(Your task): In your answer, give each entry again exactly as it appears.

..........

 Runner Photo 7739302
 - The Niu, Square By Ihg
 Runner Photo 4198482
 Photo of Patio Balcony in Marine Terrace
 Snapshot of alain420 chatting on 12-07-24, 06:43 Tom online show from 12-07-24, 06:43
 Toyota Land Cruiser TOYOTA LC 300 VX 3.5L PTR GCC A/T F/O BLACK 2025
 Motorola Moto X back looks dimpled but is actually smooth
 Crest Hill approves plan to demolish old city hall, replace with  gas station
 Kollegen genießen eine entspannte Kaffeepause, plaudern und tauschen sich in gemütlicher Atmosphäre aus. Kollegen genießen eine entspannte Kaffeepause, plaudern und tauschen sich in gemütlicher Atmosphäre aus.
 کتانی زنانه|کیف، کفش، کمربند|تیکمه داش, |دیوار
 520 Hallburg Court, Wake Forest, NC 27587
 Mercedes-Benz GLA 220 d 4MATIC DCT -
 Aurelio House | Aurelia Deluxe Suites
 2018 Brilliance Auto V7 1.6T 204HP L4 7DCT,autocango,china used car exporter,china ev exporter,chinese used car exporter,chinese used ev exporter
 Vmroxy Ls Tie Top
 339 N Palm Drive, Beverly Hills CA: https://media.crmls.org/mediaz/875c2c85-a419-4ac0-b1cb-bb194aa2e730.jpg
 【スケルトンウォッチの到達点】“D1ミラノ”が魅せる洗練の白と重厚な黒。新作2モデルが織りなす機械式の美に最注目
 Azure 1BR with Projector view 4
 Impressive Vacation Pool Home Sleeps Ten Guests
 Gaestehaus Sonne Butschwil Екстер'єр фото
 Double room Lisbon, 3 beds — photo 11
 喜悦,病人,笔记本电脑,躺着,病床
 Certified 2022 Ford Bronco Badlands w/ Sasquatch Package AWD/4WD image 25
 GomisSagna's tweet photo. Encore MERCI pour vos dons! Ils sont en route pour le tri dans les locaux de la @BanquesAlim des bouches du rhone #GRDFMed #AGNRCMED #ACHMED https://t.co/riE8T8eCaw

..........

(Answer to this problem):
 Runner Photo 7739302
 - The Niu, Square By Ihg
 Runner Photo 4198482
 Photo of Patio Balcony in Marine Terrace
 Snapshot of alain420 chatting on 12-07-24, 06:43 Tom online show from 12-07-24, 06:43
 Toyota Land Cruiser TOYOTA LC 300 VX 3.5L PTR GCC A/T F/O BLACK 2025
 Motorola Moto X back looks dimpled but is actually smooth
 Crest Hill approves plan to demolish old city hall, replace with  gas station
 Kollegen genießen eine entspannte Kaffeepause, plaudern und tauschen sich in gemütlicher Atmosphäre aus. Kollegen genießen eine entspannte Kaffeepause, plaudern und tauschen sich in gemütlicher Atmosphäre aus.
 کتانی زنانه|کیف، کفش، کمربند|تیکمه داش, |دیوار
 520 Hallburg Court, Wake Forest, NC 27587
 Mercedes-Benz GLA 220 d 4MATIC DCT -
 Aurelio House | Aurelia Deluxe Suites
 2018 Brilliance Auto V7 1.6T 204HP L4 7DCT,autocango,china used car exporter,china ev exporter,chinese used car exporter,chinese used ev exporter
 Vmroxy Ls Tie Top
 339 N Palm Drive, Beverly Hills CA: https://media.crmls.org/mediaz/875c2c85-a419-4ac0-b1cb-bb194aa2e730.jpg
 【スケルトンウォッチの到達点】“D1ミラノ”が魅せる洗練の白と重厚な黒。新作2モデルが織りなす機械式の美に最注目
 Azure 1BR with Projector view 4
 Impressive Vacation Pool Home Sleeps Ten Guests
 Gaestehaus Sonne Butschwil Екстер'єр фото
 Double room Lisbon, 3 beds — photo 11
 喜悦,病人,笔记本电脑,躺着,病床
 Certified 2022 Ford Bronco Badlands w/ Sasquatch Package AWD/4WD image 25
 GomisSagna's tweet photo. Encore MERCI pour vos dons! Ils sont en route pour le tri dans les locaux de la @BanquesAlim des bouches du rhone #GRDFMed #AGNRCMED #ACHMED https://t.co/riE8T8eCaw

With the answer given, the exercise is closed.